沈伯庸發現路邊斜停的車,立刻停了下來。

下車的他看到談知意和孩子,還有火光沖天的別墅,立刻知道發生了什麼。

他走上前,將談知意拉入懷中,用他寬闊的胸膛消除談知意的恐懼。

至於小悠一直都緊緊抱著談知意的腿,彷彿這樣可以給他安全感。

談知意伸手摸了摸小悠的頭,對沈伯庸說道:“應該是曲彥蓉乾的。”

“我沒想到這個女人居然這麼的喪心病狂,還好你們沒事。”沈伯庸把孩子抱在了懷裡。

沈悠看了眼沈伯庸,雖然還有點抗拒,但好在沒有掙扎了。

“別怕!爸爸會保護你和媽媽的。”沈伯庸難得溫柔的安撫這個孩子。

談知意挑了挑眉:“我還以為劍尊大人你只會對女兒這麼溫柔,真是難得看到你對兒子也這麼好的。
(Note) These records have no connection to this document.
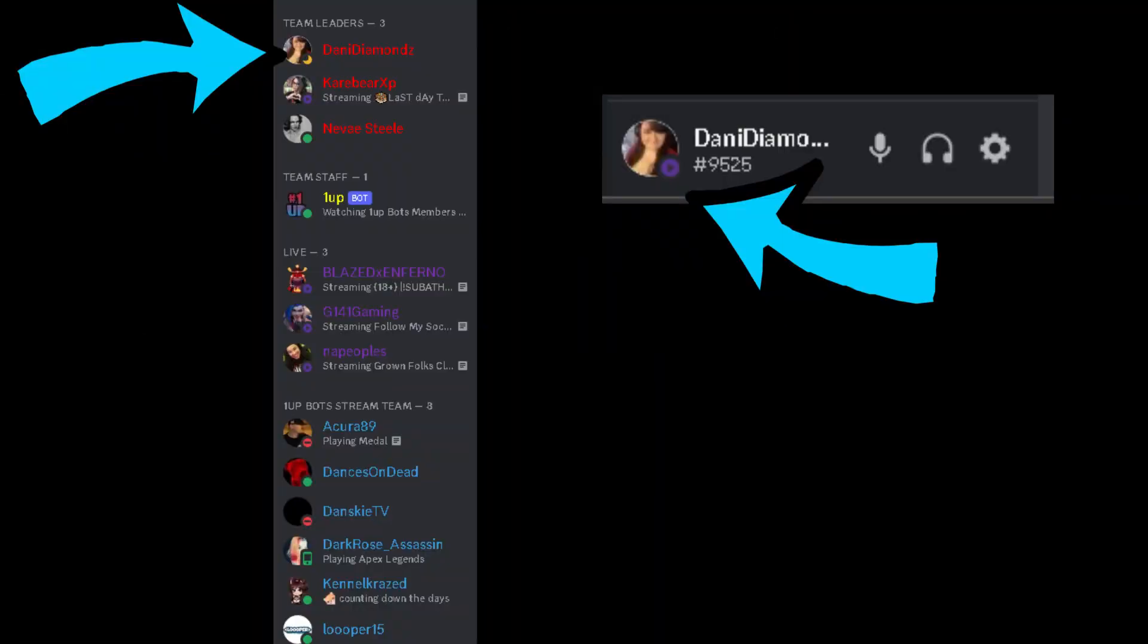Are you wondering why you're not showing live in really big servers but your friends say in your DMs you're live? Well this is how you're gonna fix that.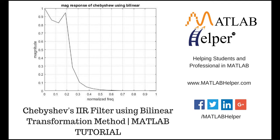Hello everyone, welcome to MATLAB tutorial brought to you by MATLAB helper. In this video tutorial, we'll see how to design a Chebyshev IIR low pass filter using bilinear transformation method.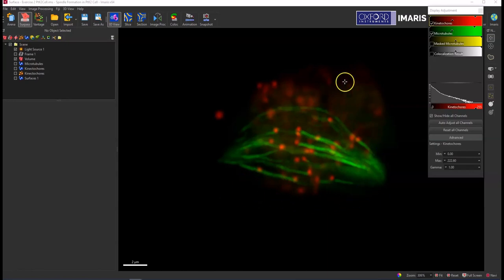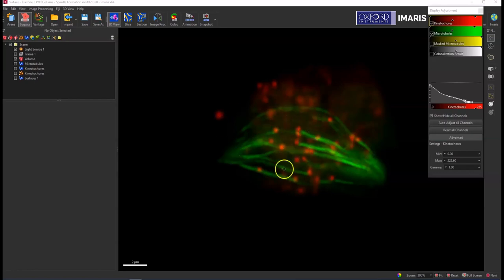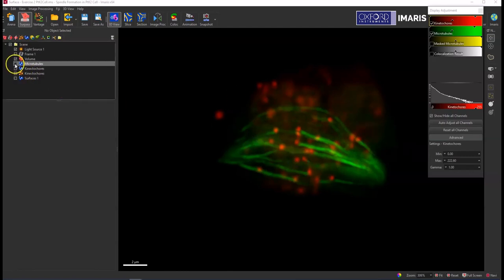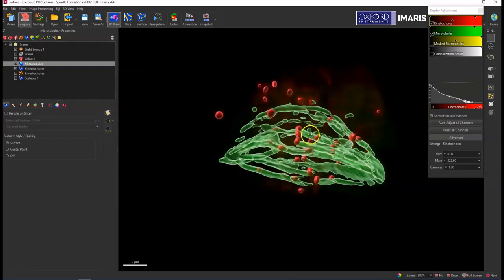So what I'm looking at right now is in green some microtubules and in red a kinetochore stain, and I'm going to try and determine how much of the kinetochores is co-localized to the microtubules. So I've already created some microtubule surfaces that is a fair enough representation of the microtubule signal and then a kinetochore surface.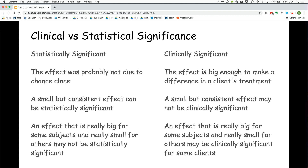This has nothing to do with how big or meaningful the difference is. A small difference between two large samples can be statistically significant. And an intervention that causes large gains in some subjects and small gains in others may not produce a statistically significant result.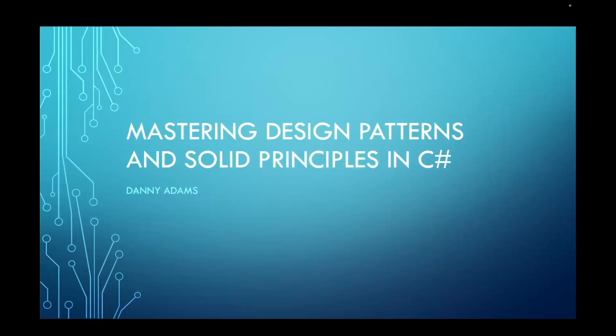Welcome to Mastering Design Patterns and Solid Principles in C-Sharp. Let me give you a quick introduction on what you will learn in this course and what you need to know before getting started.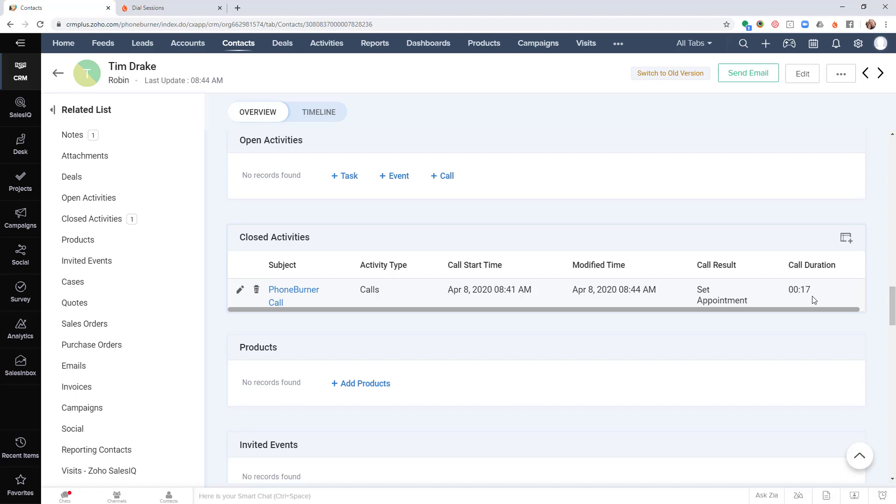Anyway, that's how easy it is for you to initiate a PhoneBurner dial session from within your Zoho CRM. I hope this helps you start getting more done in less time using the power of PhoneBurner. Bye for now and happy dialing.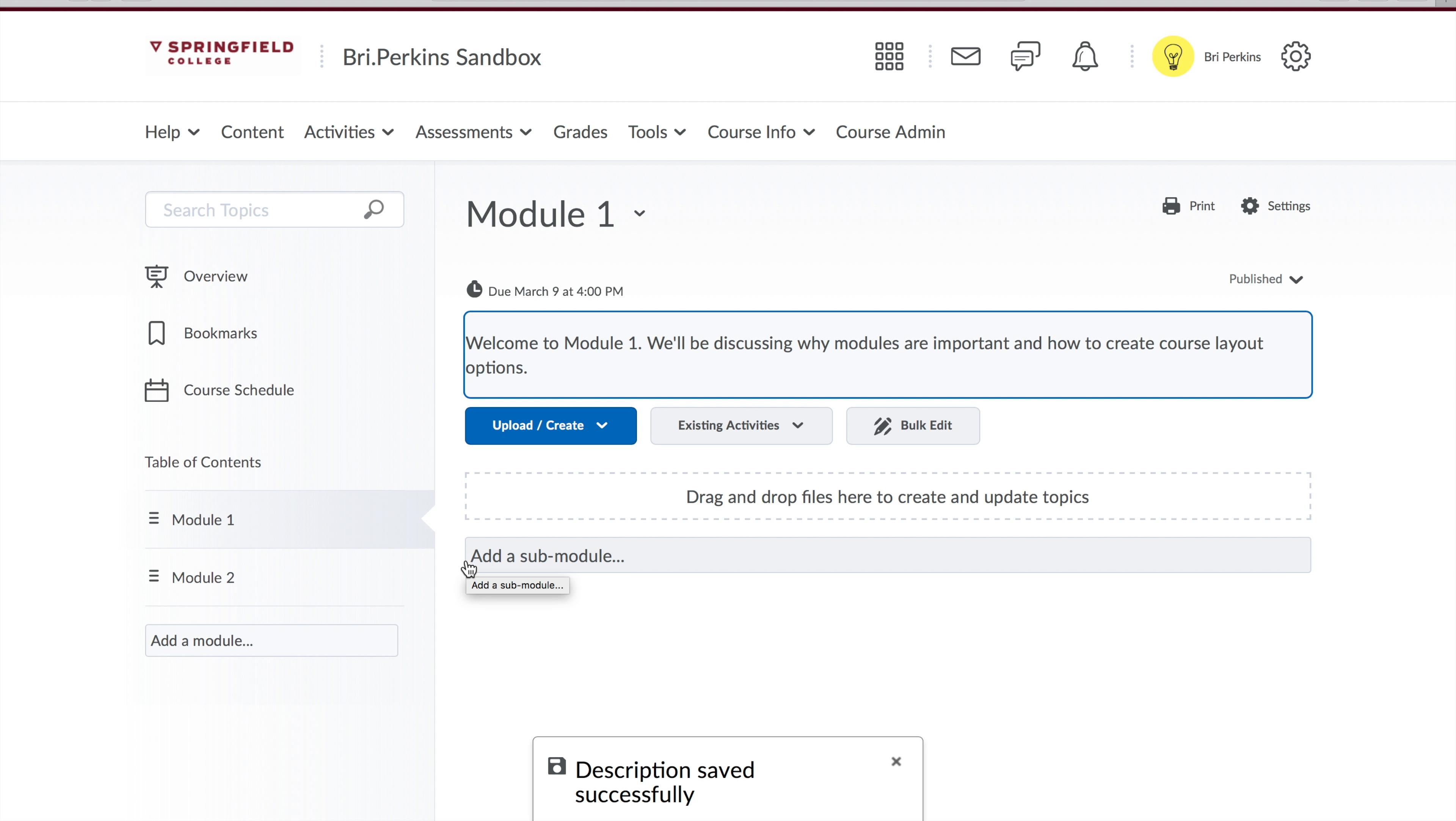When you're all said and done, you click update and you'll see all the information pop up right here. Now if for some reason I was still working in my module and I didn't want it visible to students, I have the ability to switch it to a draft.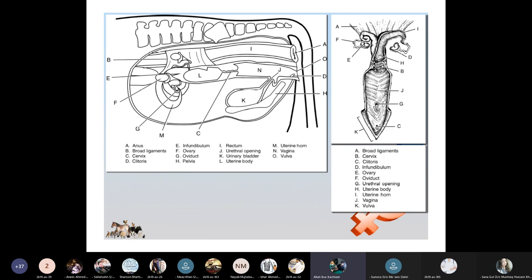The female reproductive tract diagram shows: the anus, broad ligaments, cervix, clitoris, infundibulum, oviduct, pelvis, rectum, urethral opening, urinary bladder, uterine body, uterine horns, vagina, and vulva.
”

“或許感同身受。”

談知意聞言立刻起了八卦之心。

“劍尊大人,你也個有故事的人啊,那能不能告訴我你童年都發生了什麼?”

沈伯庸的身體突然僵硬了一下,看樣子這個問題對他觸動很大。

談知意只是好奇,並沒真的想要深挖別人的隱私。

她敏銳的發現自己好像說錯話了,便說道:“我們還是先離開這裡吧。”

沈伯庸帶著母子兩個上車,迅速離開了這裡。

不過他順帶的報了警。

別墅都已經被燒燬了,這幾個人有重大作案嫌疑,抓住他們是必然的。

路上,沈伯庸突然開口說道:“也許有朝一日,你會知曉。”

談知意點點頭,專心哄孩子睡覺。

二人帶著孩子暫時住在酒店,等安頓好了小悠,他們才在客廳互相說起今天各自分別的經歷。

談知意這邊的事三言兩語就說清楚了,但沈伯庸這邊卻是遭遇到了一些麻煩。

“你是說,孩子已經被救出來,警方也因為這事情開始徹查希望之家,但是作為幕後黑手的曲彥蓉卻無罪?她怎麼能無罪?”談知意情緒有點激動。

沈伯庸把手機裡的影片給談知意看。

當時抓捕的時候,有個黑影一閃而逝,顯然是逃走了。

但影片對黑影根本無法做技術確認,加上對方給自己披了個黑色的大斗篷,包裹的十分嚴實,這麼一看連男女都分不清。

不過沈伯庸和談知意都知道這個人就是曲彥蓉。

“好不容易有一次機會可以讓她現出原形,現在倒是功虧一簣了。”

談知意有點失望。

曲彥蓉是一個很危險的女人,如果不快點將她頂罪抓起來,那等著他們的就會是無盡的危險。

“我從那兩個要殺我們的人身上拿到了這個。曲彥蓉絕對不簡單,如果她一天不落網,我們就會隨時處於絕對的危險,得想辦法讓她露出馬腳才行。”談知意把自己撿到的槍給了沈伯庸。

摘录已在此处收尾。